Notice that there is one fewer <w:tc> node defined compared to the unmerged table, and that the w:gridSpan node uses the w:val attribute to specify how many columns to span. The total number of cells in the row combined with these values (a row can contain more than one horizontally merged set of cells), should equal the number of columns defined in the table.
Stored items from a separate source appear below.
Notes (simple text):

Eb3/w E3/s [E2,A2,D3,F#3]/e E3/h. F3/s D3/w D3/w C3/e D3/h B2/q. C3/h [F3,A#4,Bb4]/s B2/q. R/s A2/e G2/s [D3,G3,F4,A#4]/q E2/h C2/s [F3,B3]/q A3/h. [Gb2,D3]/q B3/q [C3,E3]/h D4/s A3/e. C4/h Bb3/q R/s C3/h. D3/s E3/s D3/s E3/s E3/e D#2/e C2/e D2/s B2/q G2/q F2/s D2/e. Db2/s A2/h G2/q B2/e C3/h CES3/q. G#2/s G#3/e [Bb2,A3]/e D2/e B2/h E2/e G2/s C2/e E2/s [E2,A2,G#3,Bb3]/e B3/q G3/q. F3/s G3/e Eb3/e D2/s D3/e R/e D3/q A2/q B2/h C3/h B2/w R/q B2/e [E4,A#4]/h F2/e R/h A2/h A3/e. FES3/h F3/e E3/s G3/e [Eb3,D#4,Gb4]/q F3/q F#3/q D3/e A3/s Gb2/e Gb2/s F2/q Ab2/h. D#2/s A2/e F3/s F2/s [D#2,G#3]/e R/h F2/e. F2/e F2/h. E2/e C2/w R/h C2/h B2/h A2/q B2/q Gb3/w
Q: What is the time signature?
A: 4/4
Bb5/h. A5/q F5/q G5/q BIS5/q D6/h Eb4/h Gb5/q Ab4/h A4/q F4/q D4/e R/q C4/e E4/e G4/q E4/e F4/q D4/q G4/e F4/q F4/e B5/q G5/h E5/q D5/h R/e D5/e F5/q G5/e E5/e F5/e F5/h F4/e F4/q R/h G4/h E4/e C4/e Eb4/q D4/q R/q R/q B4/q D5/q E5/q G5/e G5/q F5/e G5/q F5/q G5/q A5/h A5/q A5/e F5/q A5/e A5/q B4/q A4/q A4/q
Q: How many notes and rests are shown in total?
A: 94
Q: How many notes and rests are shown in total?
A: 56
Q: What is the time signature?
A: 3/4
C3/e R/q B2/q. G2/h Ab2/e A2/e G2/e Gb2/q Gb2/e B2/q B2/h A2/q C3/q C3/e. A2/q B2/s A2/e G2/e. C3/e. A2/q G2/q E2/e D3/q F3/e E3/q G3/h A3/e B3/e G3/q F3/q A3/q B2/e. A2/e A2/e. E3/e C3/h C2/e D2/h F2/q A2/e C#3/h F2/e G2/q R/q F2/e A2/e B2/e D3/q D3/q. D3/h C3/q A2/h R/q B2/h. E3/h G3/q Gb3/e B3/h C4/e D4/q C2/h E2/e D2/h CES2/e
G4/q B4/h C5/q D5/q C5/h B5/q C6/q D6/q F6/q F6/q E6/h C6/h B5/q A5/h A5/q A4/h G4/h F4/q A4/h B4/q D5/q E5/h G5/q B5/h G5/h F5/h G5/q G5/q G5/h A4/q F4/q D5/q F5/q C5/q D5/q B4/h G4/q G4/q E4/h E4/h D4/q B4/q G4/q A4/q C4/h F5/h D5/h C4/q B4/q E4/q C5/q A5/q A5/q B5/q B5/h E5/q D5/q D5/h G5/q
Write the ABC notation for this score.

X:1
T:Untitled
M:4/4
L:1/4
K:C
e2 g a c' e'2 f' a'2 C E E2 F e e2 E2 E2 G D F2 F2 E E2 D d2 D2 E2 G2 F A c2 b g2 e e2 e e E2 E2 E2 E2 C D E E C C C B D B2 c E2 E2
All of this basically means a bit more code to write when handling things like the removal of a column. You'll first need to calculate which cell is part of that column to remove it as well.

Merging Columns

Now the merging of a column. The following sample displays the same table as the first sample, this time with the first column merged together:

      <w:tr>
            <w:tc>
                  <w:tcPr>
                        <w:tcW w:w="1024" />
                        <w:vmerge w:val="restart" />
                  </w:tcPr>
                  <w:p />
            </w:tc>
            <w:tc>
                  <w:tcPr>
                        <w:tcW w:w="1024" />
                  </w:tcPr>
                  <w:p />
            </w:tc>
      </w:tr>
      <w:tr>
            <w:tc>
                  <w:tcPr>
                        <w:tcW w:w="1024" />
                        <w:vmerge />
                  </w:tcPr>
                  <w:p />
            </w:tc>
            <w:tc>
                  <w:tcPr>
                        <w:tcW w:w="1024" />
                  </w:tcPr>
                  <w:p />
            </w:tc>
      </w:tr>

Vertical merging is also defined inside the properties of cells, but for this we use the w:vmerge node instead of w:gridSpan. The w:val attribute is allowed to have two values: restart or continue. The first and top cell in the merged column should use restart and the rest continue. The default value is continue so you can drop the attribute all together for all but the top cell in the merged set.

That's it for the basic structure of tables. You can define much more information to take advantage of other Open XML features, but more on that in later samples. (If you think of anything you'd find of special interest let us know.)